▸ **Brief**: In the entries that follow, find the line containing "Аккумуляторный перфоратор Bosch" and the line containing "2021 Freightliner eM2", then copy exactly everything from the first through the second except the pictures.
Data to examine below:
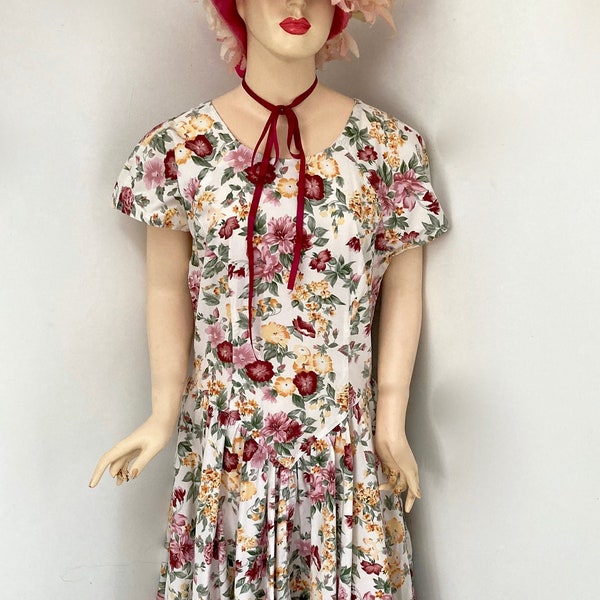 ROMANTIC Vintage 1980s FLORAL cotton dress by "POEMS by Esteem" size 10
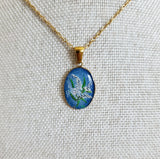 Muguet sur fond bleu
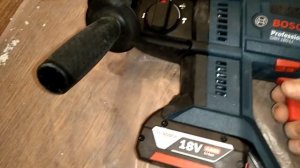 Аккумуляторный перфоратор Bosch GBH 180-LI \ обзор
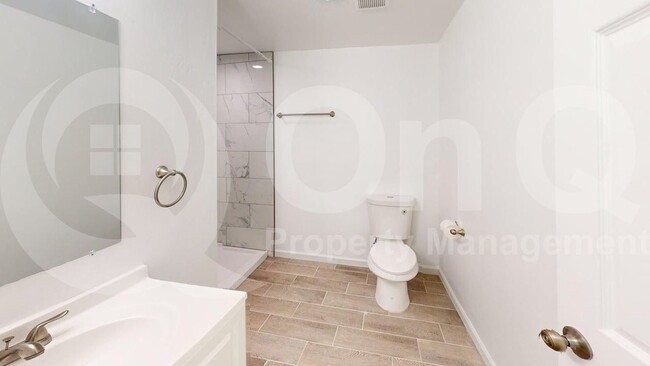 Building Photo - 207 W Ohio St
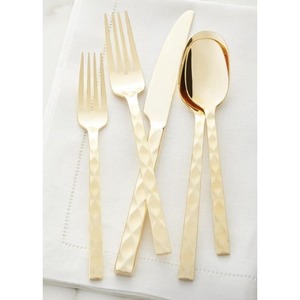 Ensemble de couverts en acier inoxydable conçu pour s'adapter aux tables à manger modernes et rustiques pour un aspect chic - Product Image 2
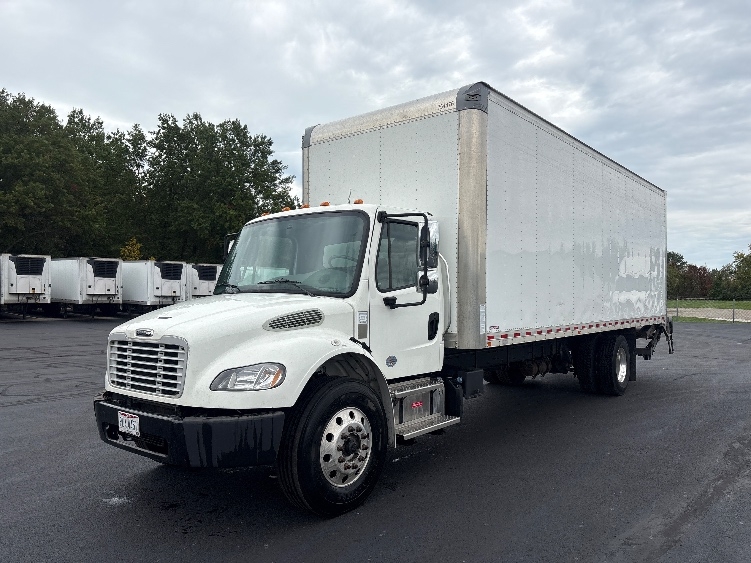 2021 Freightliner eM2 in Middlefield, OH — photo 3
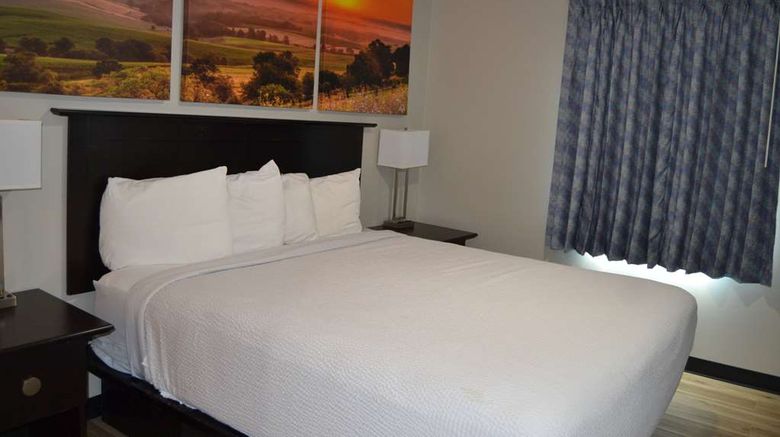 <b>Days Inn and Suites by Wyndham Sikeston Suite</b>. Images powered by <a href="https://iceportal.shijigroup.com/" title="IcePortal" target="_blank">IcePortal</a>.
End of Data to examine.
▸ **Finished exercise**:
 Аккумуляторный перфоратор Bosch GBH 180-LI \ обзор
 Building Photo - 207 W Ohio St
 Ensemble de couverts en acier inoxydable conçu pour s'adapter aux tables à manger modernes et rustiques pour un aspect chic - Product Image 2
 2021 Freightliner eM2 in Middlefield, OH — photo 3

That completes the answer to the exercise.